The launching ceremony for the sports field development project in Namibia on 30 March / Photo: © German Embassy Windhoek

Germany and FIFA support football development in Namibia

An opening ceremony was held for the construction of 45 sports fields for socially disadvantaged youth in Namibia recently. In the future, nearly 14,000 young Namibians across the country will be able to use the sports fields for free to play football or other sports. Germany’s development ministry has teamed up with prominent partners for the project. They include partners from Namibia and the German Football Association (DFB), as well as the Fédération Internationale de Football Association (FIFA).

German Development Minister Gerd Müller said, “Football and sports do not only open people’s hearts, they also open doors. Sport teaches young people values such as fair play, discipline and respect – these are things they need in order to live their lives independently. People who know how to deal with victory and defeat in sports will find it easier to handle challenges in their real lives, too. Our initiative gives young people the opportunity to meet and interact.”

There are many parts of Namibia where children and young people do not have any opportunity yet to play sports.
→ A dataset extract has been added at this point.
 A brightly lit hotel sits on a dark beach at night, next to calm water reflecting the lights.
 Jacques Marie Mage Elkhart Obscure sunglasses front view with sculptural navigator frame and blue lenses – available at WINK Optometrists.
By building or renovating sports fields, the BMZ and its partners create safe spaces for children and youth to meet and to play football, basketball, volleyball and other sports. Sports training teaches young people important social skills such as respect, fair play and team spirit. Playing sports together also builds young people’s self-esteem. Specially trained coaches will be available for the youth. They can act as role models and as counsellors. As part of their work, they will make a point of discussing difficult issues such as HIV prevention, teenage pregnancies, alcohol abuse and violence against women. Women coaches in particular can act as important role models.

Namibian national women soccer coach Jacqui Shipanga said: “Our young women football players, especially in the U17 national team, now sit together and talk about the university they want to attend and the careers they want to pursue. A mere five years ago, most of my women players were school dropouts, and of course their conversations now are very different. And that is the kind of impact that programmes such as ‘Sport for Development’ are having in Namibia and in society.”

In order to make sure that the sports fields will still be used frequently a few years from now, the project also engages with schools, building knowledge there – on things such as good physical education curricula and technical maintenance of sports fields. The costs for these activities will be covered by the Namibian government.